Lab8: SAM Assembler

props to Greg Kesden for the writeup

Due Date: Thu 23 Apr 2009 by 23:59

Background:

The Instruction Set Architecture (ISA) provides a view of a processor's features as seen from the perspective of an assembly or machine language programmer. For our purposes, this means that the ISA describes the instructions that the processor understands, the way those instructions are presented to the processor, the register set, and the way memory is organized. A real-world processor's ISA would also include a few additional items, such as its interrupt and/or exception handling facilities, basic data types, and different modes of operation, e.g. supervisor vs. normal mode.

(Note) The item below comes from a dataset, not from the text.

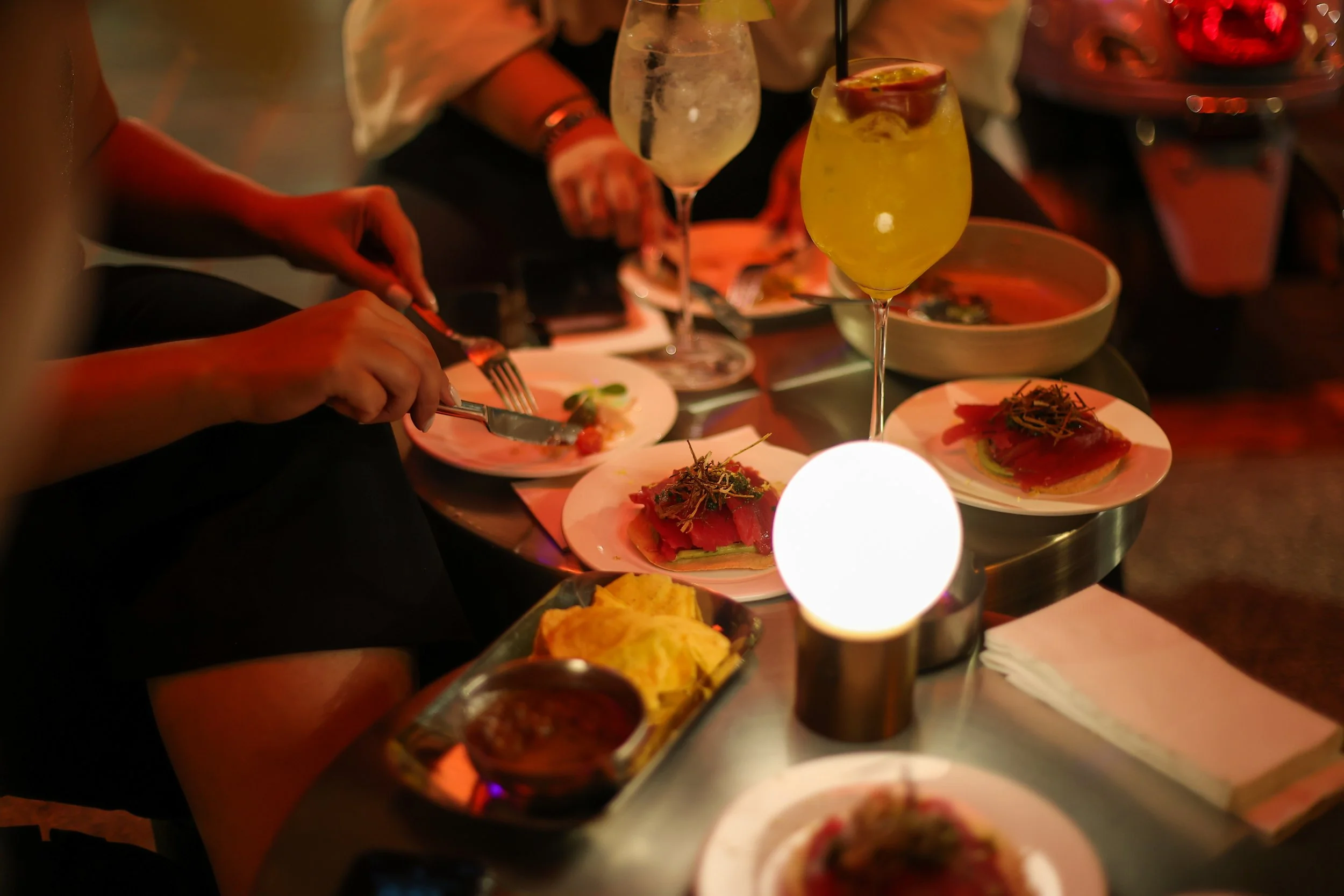 A dinner table with plates of sashimi, cocktails, chips, and a small dish of sauce, illuminated by a warm glowing light in a dimly lit setting.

Registers are a special type of memory built into the processor. They basically serve as special variables accessible to the Arithmetic-Logic Unit (ALU), the brains of the processor that actually executes most instructions. You'll find that most instructions operate on the values in the registers instead of operating directly on memory. As a result, you'll load values from memory into registers, operate on them, and then store them back into memory. This arrangement is called a load-store architecture.

Assignment:

You are provided with a description of a simple computer's Instruction Set Architecture (ISA), including its instruction set, instruction format, and register list. Your task is to write an assembler for the described architecture. After completing this assignment, it will be possible to write programs in assembly, process them with your assembler, and execute them on a simulator that we will provide.

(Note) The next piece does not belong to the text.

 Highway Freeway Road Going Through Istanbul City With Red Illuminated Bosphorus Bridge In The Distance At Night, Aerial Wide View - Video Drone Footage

This assignment is designed to help build your understanding of simple processors and the fetch-decode-execute cycle as well as the role of assembly language in software development. It will also provide reinforcement in C, especially in the use of the bit-wise operators.

The SAM Instruction Set Architecture

There are seven (7) general purpose registers that can be used for any purpose. Additionally, there is a zero register that always contains a constant value of 0 to be used for initializing other registers to 0. It is possible for the same register to be read and written within the same instruction, e.g., A = A + 5 is legal, as is A = A + A.

The program counter (PC) is a special purpose register that keeps track of the current address in memory, the address that the processor is currently executing. Since instructions are 4 bytes wide, the PC moves forward by four bytes with each instruction cycle. The instruction register (IR) is a scratch register used to decode instructions. The PC is 24 bits wide. The IR is 32 bits wide.

The simulated machine has a 2-byte word size, so registers and immediate values are 2 bytes wide. Integers are signed using the high-bit. In other words, the highest bit is 0 if the number is positive and 1 otherwise. This bit is set correctly by the mathematical operations.

The simulated system also has two flags, overflow and compare which are set by various instructions:

when executing a mathematical operation, the overflow flag is set to true if an operation overflows (carries) outside of 16 bits, and to false otherwise
when executing a comparison operation, the compare flag is to true if the comparison operation is true, and it is set to false otherwise.

The flags cannot be set directly.

Ports are a mechanism for accessing input and output devices that are independent from main memory. Port #15 is a terminal device console used for output. Port #0 is a terminal device console used for input. Each reads or writes one character at a time, translating from that character to its corresponding ASCII value. The terminal device has sufficient buffering to avoid dropping character in normal applications.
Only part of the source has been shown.